» **What you should do**
Give back the records below verbatim, please, but without a single image.

» **Source data**
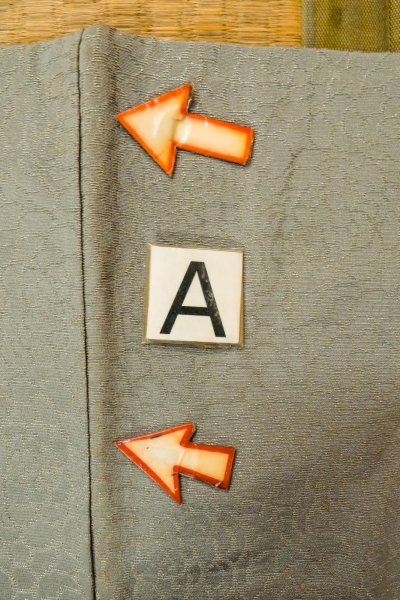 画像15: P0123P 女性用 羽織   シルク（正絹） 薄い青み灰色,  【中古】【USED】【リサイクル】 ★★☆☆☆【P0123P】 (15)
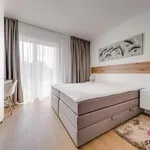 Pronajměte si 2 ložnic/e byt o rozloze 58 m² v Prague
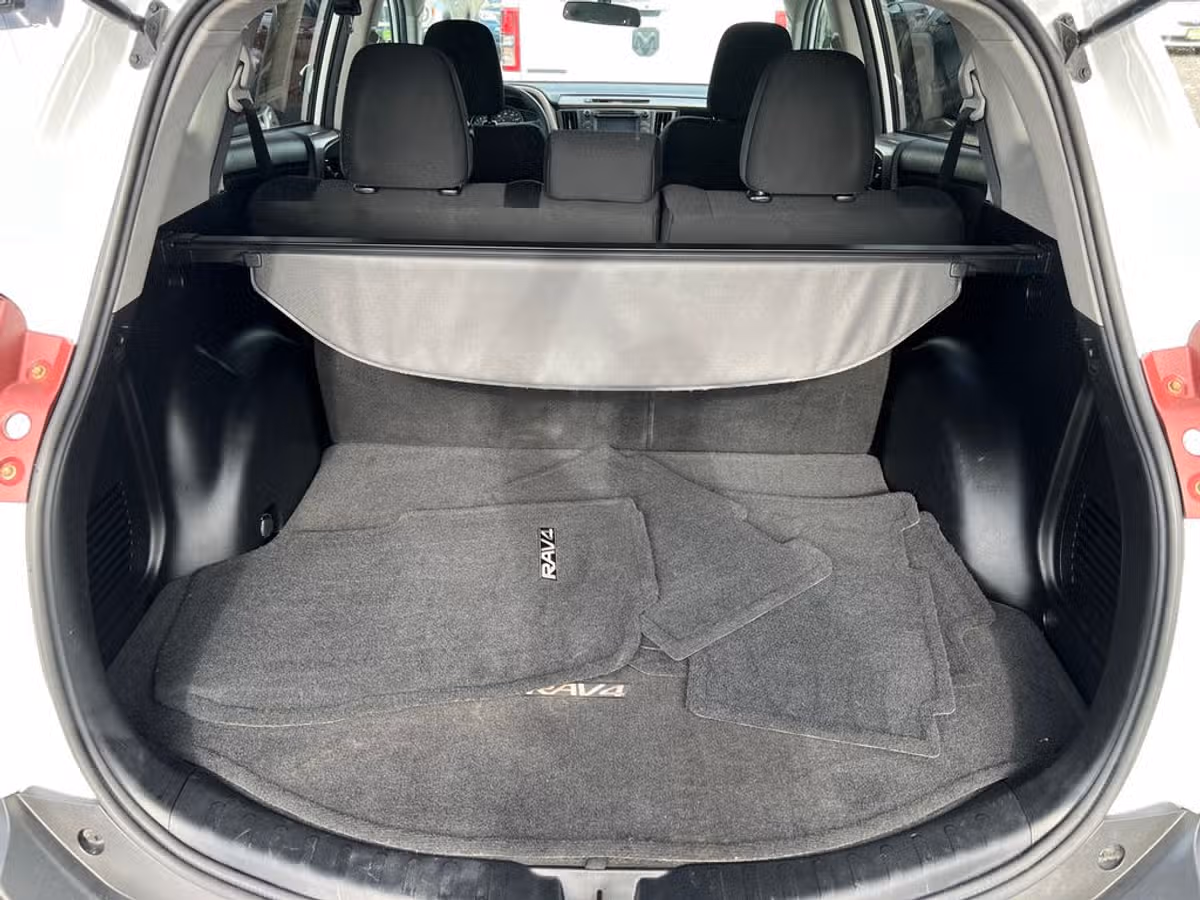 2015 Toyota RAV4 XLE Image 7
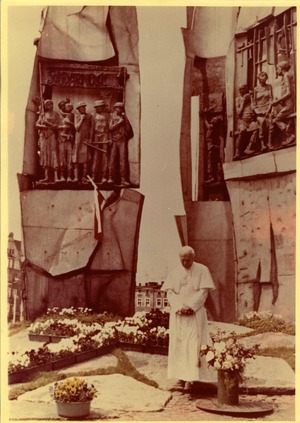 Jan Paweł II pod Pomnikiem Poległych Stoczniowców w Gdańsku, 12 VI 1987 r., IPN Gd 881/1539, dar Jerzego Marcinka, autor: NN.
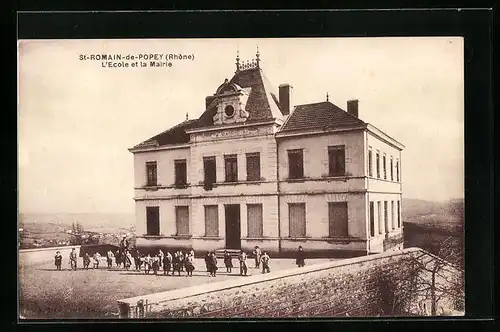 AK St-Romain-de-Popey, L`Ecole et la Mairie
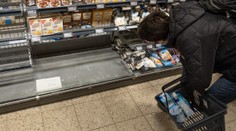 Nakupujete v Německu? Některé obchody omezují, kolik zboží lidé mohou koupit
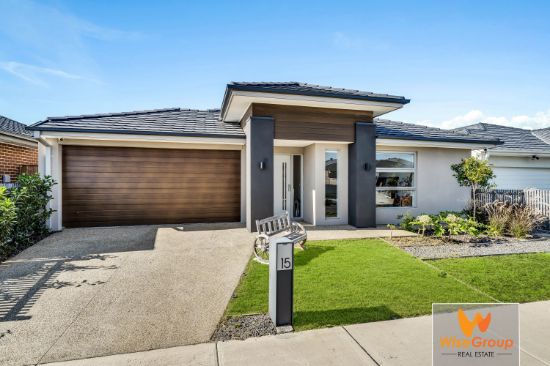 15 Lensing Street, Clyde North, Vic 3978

» **Exercise result**
 画像15: P0123P 女性用 羽織   シルク（正絹） 薄い青み灰色,  【中古】【USED】【リサイクル】 ★★☆☆☆【P0123P】 (15)
 Pronajměte si 2 ložnic/e byt o rozloze 58 m² v Prague
 2015 Toyota RAV4 XLE Image 7
 Jan Paweł II pod Pomnikiem Poległych Stoczniowców w Gdańsku, 12 VI 1987 r., IPN Gd 881/1539, dar Jerzego Marcinka, autor: NN.
 AK St-Romain-de-Popey, L`Ecole et la Mairie
 Nakupujete v Německu? Některé obchody omezují, kolik zboží lidé mohou koupit
 15 Lensing Street, Clyde North, Vic 3978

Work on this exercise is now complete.